Although the Supreme Court held that advance fees are generally unearned and must be kept in a lawyer’s trust account until earned, it determined that some advance fees, known as a general retainer or engagement retainer, are permissible if they are provided in exchange for a specific service, such as agreeing to give priority to a client’s case or when the attorney agrees to forego other potential employment because of representation of that client.
The Supreme Court also noted that a client may advance funds, in the form of advance fees, special retainers, lump sum fees, or flat fees, to pay for specified legal services to be performed by the attorney and to cover future costs. However, the Court held that unless a fee agreement expressly states that a fee is an engagement retainer and explains how the fee is earned upon receipt, courts will presume that any advance fee is to be deposited in the lawyer’s trust account, from which an attorney will be paid for specified legal services.
In its Opinion, the Court stated as follows:
[W]e also recognize that a substantial number of attorneys in this state engage in conduct that would be affected by our discussion of these issues. . . . Because we acknowledge that our opinion concerning the proper disposition of such a fee has widespread practical implications and because we wish to provide practicing attorneys a full opportunity both to comment on any proposed rules and also to comport their practices to these ethical constraints, we are referring these issues to the Colorado Bar Association. We will request that the CBA solicit widespread comment from practicing attorneys and draft proposed rules that will implement the ethical principles that we today announce.
This is believed to be the first time the Colorado Supreme Court has expressly called on the Colorado Bar Association ("CBA") for assistance of this nature. Additionally, the Court indicated in Sather that it expected the CBA to refer this matter to the CBA Ethics Committee, "an active broad-based committee experienced in professional responsibility issues."
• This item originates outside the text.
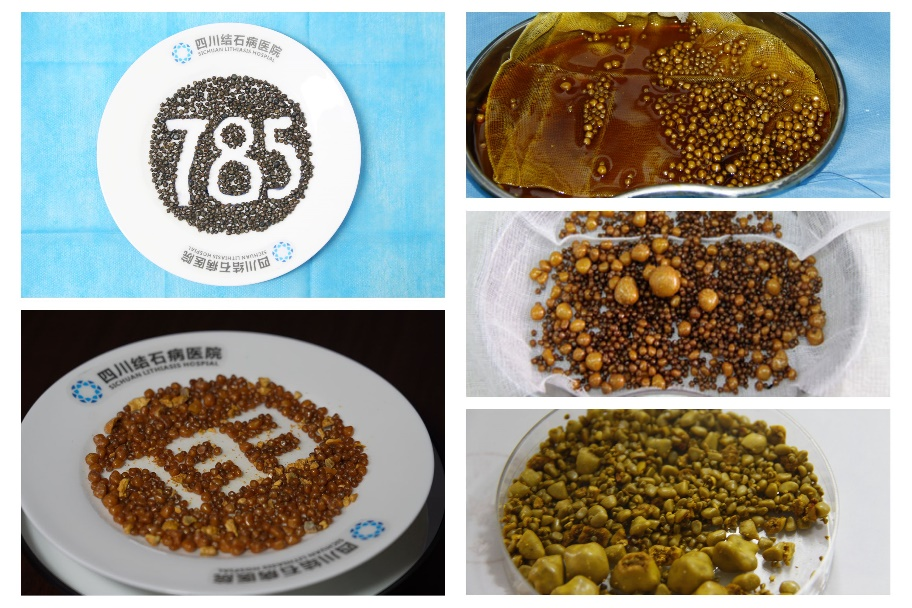 四川眉山女子毫无感觉,胆囊里竟疯长出108颗“好汉结石”【四川保胆取石最好的医院排名】(图5) 四川眉山女子毫无感觉,胆囊里竟疯长出108颗“好汉结石”【四川保胆取石最好的医院排名】(图5)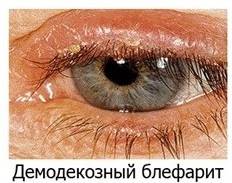 Лечение блефарита и профилактика развития заболевания глаз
Pursuant to this request for assistance, the CBA and the Ethics Committee, in consultation with Supreme Court Chief Justice Mary Mullarkey and Justice Bender, agreed on a procedure for recommending proposed new ethics rules to the Court. Under that procedure, the Revision of Rules Subcommittee of the Ethics Committee has been meeting throughout the summer to draft a proposed rule and comment, consistent with the Sather Opinion. In August 2000, the full CBA Ethics Committee reviewed the Proposed Rule and Comment and, after considerable discussion, agreed to a "distribution draft" of the Proposed Rule and Comment for review by the entire Colorado Bar. The Proposed Rule and Comment have been posted on the CBA website, www.cobar.org, and will be reviewed in September 2000 by various CBA committees and sections, as well as by local and specialty bar associations.
The CBA and the Ethics Committee welcome your comments, and request that you submit them to the CBA on or before Wednesday, November 1, 2000. The Ethics Committee then will review all comments and consider them at its November and, if necessary, December 2000 meetings. After further discussion by the Ethics Committee, a Proposed Rule and Comment will be submitted to the CBA Board of Governors for its consideration at its January 6, 2001, meeting. The Board of Governors then will consider for approval a Draft Rule and Comment and submit them to the Supreme Court for its consideration.